Background: The long-term efficacy of argon plasma coagulation (APC) in the management of gastrointestinal vascular lesions has not been evaluated in a large and well-defined series. The impact of APC on transfusion requirements and hemoglobin, and technical parameters including complications and number of treatment sessions, is assessed in this series.

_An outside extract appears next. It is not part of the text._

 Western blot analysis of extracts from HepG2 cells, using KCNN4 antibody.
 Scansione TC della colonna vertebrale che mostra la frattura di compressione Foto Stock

Methods: Patients who underwent APC for bleeding gastrointestinal vascular lesions were identified via interrogation of an established endoscopic database, excluding patients with radiation proctitis, tumors, residual polypectomy tissue and acute ulcer bleeding. Follow-up data were collected via interview with patients and referring doctors, review of medical records, and follow-up blood tests.
Results: One hundred patients were enrolled, males = 46, median age = 74 yr (range: 19-99 yr). Median follow-up time was 16 months (range: 4-47 months). Lesions treated were arteriovenous malformations (n = 74) and gastric antral vascular ectasia (n = 26). Fifty-three patients required transfusion. In this group, median hemoglobin improved from 66 g/L (range: 35-114) to 111 g/L (range: 55-155, p < 0.001). Median transfusion velocity fell from 2 units/month (range: 0.1-6) to 0 units/month (range: 0-4, p < 0.001). Transfusion requirement was abolished in 77%. In non-transfusion-requiring patients, median hemoglobin improved from 105 g/L (range: 58-143) to 123 g/L (range: 79-158, p < 0.001). No complications occurred.
Conclusions: APC is effective and safe in the management of gastrointestinal vascular lesions.